(Collection entries)
-=-=-=-=-

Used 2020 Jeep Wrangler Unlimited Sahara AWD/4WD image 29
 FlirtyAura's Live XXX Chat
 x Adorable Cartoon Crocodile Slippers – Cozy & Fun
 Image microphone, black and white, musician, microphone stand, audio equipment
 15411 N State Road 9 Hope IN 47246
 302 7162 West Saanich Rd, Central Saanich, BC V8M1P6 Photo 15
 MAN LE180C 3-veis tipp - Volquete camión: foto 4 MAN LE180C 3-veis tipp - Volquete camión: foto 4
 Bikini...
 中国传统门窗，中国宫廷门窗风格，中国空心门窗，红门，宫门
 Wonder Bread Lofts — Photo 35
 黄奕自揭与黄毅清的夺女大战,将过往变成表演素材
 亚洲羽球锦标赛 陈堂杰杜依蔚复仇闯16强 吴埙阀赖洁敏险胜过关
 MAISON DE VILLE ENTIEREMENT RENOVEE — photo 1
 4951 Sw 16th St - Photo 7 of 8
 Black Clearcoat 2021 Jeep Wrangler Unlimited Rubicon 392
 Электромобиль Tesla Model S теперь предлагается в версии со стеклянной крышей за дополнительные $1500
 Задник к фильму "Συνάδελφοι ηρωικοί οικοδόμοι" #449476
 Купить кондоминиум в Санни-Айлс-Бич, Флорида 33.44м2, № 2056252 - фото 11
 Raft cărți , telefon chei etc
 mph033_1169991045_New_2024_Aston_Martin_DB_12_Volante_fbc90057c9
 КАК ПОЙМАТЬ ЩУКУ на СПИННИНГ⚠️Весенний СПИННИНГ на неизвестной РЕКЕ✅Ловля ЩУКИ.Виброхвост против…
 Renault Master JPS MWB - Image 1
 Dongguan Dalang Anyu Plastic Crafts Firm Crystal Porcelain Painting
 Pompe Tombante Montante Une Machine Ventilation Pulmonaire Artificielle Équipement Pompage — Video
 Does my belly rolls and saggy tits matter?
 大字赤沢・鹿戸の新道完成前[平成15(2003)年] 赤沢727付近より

-=-=-=-=-

Counting only lines that hold "Unlimited", state how many appear in the records, and give nothing but the number.

2